Please find every line in the records below that contains the word "Shape", and copy it.

(Web page caption snippets)
_ _ _ _ _ _ _

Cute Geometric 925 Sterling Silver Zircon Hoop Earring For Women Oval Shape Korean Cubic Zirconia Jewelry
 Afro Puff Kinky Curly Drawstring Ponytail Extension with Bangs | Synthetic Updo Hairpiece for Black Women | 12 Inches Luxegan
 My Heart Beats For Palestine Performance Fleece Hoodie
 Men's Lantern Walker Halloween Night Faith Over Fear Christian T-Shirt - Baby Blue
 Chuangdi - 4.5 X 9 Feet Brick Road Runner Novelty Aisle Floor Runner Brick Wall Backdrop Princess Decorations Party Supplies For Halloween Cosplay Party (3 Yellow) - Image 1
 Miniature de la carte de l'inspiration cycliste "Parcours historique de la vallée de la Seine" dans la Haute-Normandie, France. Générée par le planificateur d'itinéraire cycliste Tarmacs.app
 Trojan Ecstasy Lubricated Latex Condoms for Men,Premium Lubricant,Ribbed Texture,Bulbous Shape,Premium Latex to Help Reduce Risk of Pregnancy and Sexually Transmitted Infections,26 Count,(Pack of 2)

_ _ _ _ _ _ _

#### [PROBLEM SOLUTION]
Cute Geometric 925 Sterling Silver Zircon Hoop Earring For Women Oval Shape Korean Cubic Zirconia Jewelry
 Trojan Ecstasy Lubricated Latex Condoms for Men,Premium Lubricant,Ribbed Texture,Bulbous Shape,Premium Latex to Help Reduce Risk of Pregnancy and Sexually Transmitted Infections,26 Count,(Pack of 2)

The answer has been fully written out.